I’ve lost track of whether I’ve seen Lynn Ramsay’s Ratcatcher (1999) or Morvern Callar (2002), but I was disappointed by We Need To Talk About Kevin (2011) – suckered in by Tilda Swinton, ignoring the Lionel Shriver klaxon.

I knew nothing about Die My Love (2025), aside from postpartum depression and it took me a ridiculously long time to recognise Jennifer Lawrence as Grace, the mother, and Robert Pattison as Jackson. Grace is increasingly isolated in their inherited rural home, left to bring up the child as Jackson does whatever job it is he does. It’s the sort of film you’d hope was obsolete – the growing stresses, the walls closing in, the is-it-gaslighting. And the sort of horror for mother from the era of Rosemary’s Baby – Grace’s body language also suggests she is some kind of Stepford wife, her batteries liable to run down.
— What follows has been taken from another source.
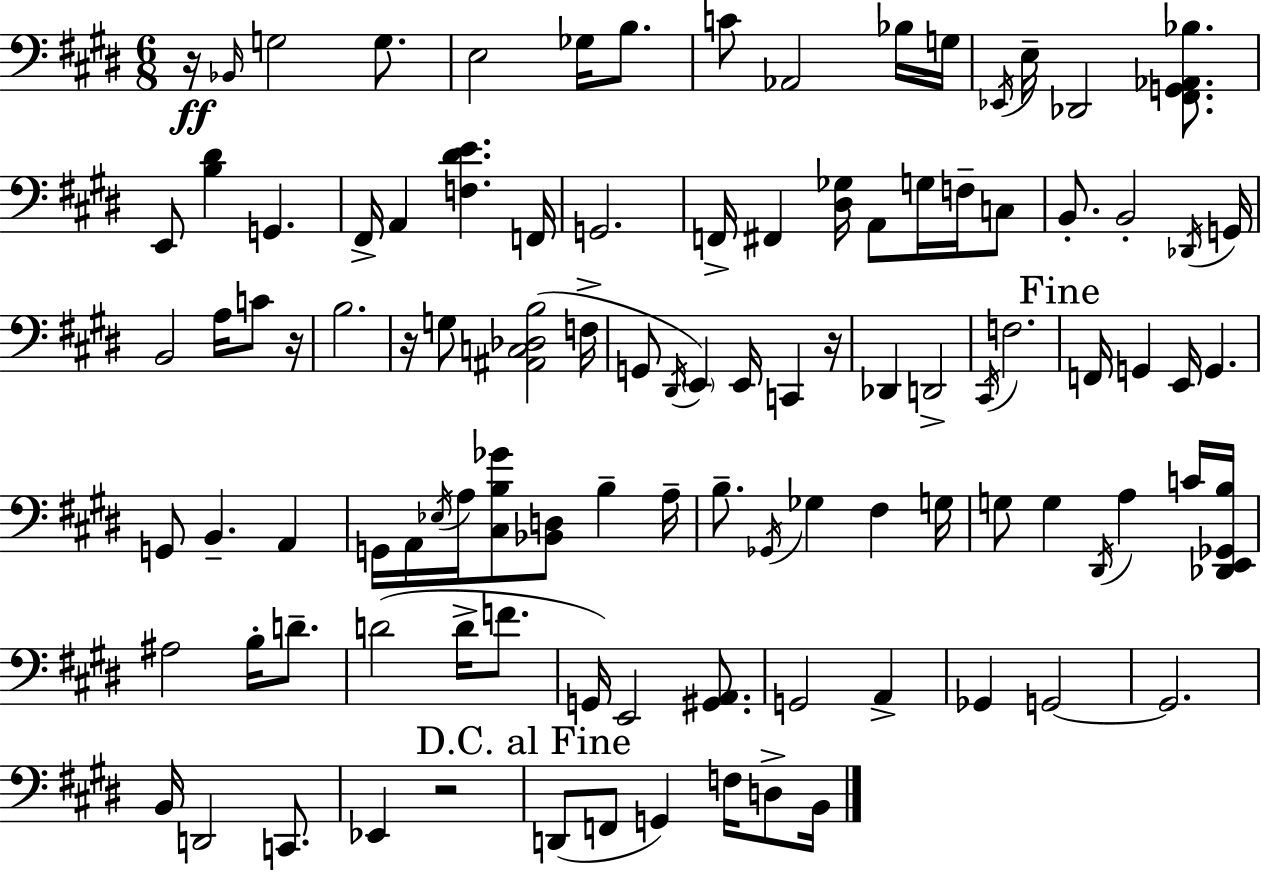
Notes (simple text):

R/s Bb2/s G3/h G3/e. E3/h Gb3/s B3/e. C4/e Ab2/h Bb3/s G3/s Eb2/s E3/s Db2/h [F#2,G2,Ab2,Bb3]/e. E2/e [B3,D#4]/q G2/q. F#2/s A2/q [F3,D#4,E4]/q. F2/s G2/h. F2/s F#2/q [D#3,Gb3]/s A2/e G3/s F3/s C3/e B2/e. B2/h Db2/s G2/s B2/h A3/s C4/e R/s B3/h. R/s G3/e [A#2,C3,Db3,B3]/h F3/s G2/e D#2/s E2/q E2/s C2/q R/s Db2/q D2/h C#2/s F3/h. F2/s G2/q E2/s G2/q. G2/e B2/q. A2/q G2/s A2/s Eb3/s A3/s [C#3,B3,Gb4]/e [Bb2,D3]/e B3/q A3/s B3/e. Gb2/s Gb3/q F#3/q G3/s G3/e G3/q D#2/s A3/q C4/s [Db2,E2,Gb2,B3]/s A#3/h B3/s D4/e. D4/h D4/s F4/e. G2/s E2/h [G#2,A2]/e. G2/h A2/q Gb2/q G2/h G2/h. B2/s D2/h C2/e. Eb2/q R/h D2/e F2/e G2/q F3/s D3/e B2/s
But this feels – despite the traumatic ending – like the sort of horror film made by someone who doesn’t like horror films. Like, say, Hereditary (Ari Aster, 2018). Maybe directors can subvert the law of Chekhov’s gun, but there’s a bloody great knife abandoned in the meadow that ought to do some nasty damage. There’s some interesting camera work – many static, fixed shots, but it felt too much like too many opportunities were missed. And the minor characters (notably those played by Sissy Spacek and Nick Nolte) steal the screen.

You Were Never Really Here (2017) is on firmer generic ground – a thriller that updates the trafficking narrative of Get Carter (Mike Hodges, 1971) with the editorial strategy of a Nicolas Roeg or Point Blank (1967) era John Boorman and a dose of Taxi Driver (Martin Scorsese, 1976). Oh, and Joe (Joaquin Phoenix) even hums Bernard Herrmann’s score to Psycho (1960), if not the one for Taxi Driver.

Hired hand Joe is sent to retrieve the abducted daughter Nina (Ekaterina Samsonov) of Senator Votto (Alex Manette) and this goes remarkably smoothly – discounting the multiple body count and the traumatic flashbacks. But things start going wrong and those behind the sex ring want their revenge. Joe kills numerous people, but Ramsay undercuts the gothic spectacle by choosing to use CCTV footage to distance us from the worst. She hints at an ending Taxi Driver could never have given us – even as we can never be quite sure what is real within the film or Joe’s memory and imagination.